Retype exactly the lines below, beginning with the first and ending with the line where "Irish St. Patrick's" appears.

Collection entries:
____
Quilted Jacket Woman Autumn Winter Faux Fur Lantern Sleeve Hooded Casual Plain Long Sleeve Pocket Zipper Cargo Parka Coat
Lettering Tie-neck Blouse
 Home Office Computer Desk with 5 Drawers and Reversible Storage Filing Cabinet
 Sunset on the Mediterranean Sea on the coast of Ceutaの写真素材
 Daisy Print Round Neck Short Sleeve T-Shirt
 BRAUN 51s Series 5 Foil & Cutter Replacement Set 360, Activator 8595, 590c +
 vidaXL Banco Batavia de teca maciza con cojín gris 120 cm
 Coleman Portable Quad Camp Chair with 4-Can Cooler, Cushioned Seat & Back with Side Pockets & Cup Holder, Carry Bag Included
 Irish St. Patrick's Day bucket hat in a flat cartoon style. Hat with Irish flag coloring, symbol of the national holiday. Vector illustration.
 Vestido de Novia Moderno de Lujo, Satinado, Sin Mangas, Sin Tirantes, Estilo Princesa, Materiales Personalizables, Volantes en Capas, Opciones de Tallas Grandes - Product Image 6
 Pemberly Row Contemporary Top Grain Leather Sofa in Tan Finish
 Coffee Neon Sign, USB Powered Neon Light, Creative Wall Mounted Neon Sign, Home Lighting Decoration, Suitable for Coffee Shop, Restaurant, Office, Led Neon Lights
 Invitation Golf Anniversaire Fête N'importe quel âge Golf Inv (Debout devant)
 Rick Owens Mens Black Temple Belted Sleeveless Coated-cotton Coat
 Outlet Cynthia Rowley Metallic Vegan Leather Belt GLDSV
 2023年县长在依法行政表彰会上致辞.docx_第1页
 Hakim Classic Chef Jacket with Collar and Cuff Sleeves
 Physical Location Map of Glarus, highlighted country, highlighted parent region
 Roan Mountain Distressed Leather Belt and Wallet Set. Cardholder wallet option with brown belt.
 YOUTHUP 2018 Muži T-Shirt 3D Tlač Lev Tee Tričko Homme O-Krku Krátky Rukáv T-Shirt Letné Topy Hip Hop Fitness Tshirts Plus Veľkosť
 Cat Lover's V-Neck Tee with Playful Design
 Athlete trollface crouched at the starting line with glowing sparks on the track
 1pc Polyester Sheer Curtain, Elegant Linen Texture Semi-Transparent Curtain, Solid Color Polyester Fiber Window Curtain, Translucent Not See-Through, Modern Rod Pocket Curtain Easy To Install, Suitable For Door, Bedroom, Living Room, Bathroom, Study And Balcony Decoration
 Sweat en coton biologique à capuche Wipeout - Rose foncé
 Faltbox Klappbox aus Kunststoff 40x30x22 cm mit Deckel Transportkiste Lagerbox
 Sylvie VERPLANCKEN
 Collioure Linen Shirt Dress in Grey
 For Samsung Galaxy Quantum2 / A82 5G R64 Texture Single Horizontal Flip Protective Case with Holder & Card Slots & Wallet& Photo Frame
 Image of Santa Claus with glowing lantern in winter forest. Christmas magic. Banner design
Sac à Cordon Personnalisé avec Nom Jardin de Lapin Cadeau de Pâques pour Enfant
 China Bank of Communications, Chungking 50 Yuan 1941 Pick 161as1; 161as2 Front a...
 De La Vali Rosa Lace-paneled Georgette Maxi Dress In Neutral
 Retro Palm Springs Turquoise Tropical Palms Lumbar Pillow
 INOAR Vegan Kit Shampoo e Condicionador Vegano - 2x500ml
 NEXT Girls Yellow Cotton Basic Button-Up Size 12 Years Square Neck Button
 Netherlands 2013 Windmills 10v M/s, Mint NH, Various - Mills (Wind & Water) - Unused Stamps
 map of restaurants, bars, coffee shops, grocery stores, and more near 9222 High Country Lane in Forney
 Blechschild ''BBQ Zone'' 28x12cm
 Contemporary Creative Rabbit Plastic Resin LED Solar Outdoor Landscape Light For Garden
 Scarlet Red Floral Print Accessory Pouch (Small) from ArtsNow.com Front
____
→ Answer box
Quilted Jacket Woman Autumn Winter Faux Fur Lantern Sleeve Hooded Casual Plain Long Sleeve Pocket Zipper Cargo Parka Coat
Lettering Tie-neck Blouse
 Home Office Computer Desk with 5 Drawers and Reversible Storage Filing Cabinet
 Sunset on the Mediterranean Sea on the coast of Ceutaの写真素材
 Daisy Print Round Neck Short Sleeve T-Shirt
 BRAUN 51s Series 5 Foil & Cutter Replacement Set 360, Activator 8595, 590c +
 vidaXL Banco Batavia de teca maciza con cojín gris 120 cm
 Coleman Portable Quad Camp Chair with 4-Can Cooler, Cushioned Seat & Back with Side Pockets & Cup Holder, Carry Bag Included
 Irish St. Patrick's Day bucket hat in a flat cartoon style. Hat with Irish flag coloring, symbol of the national holiday. Vector illustration.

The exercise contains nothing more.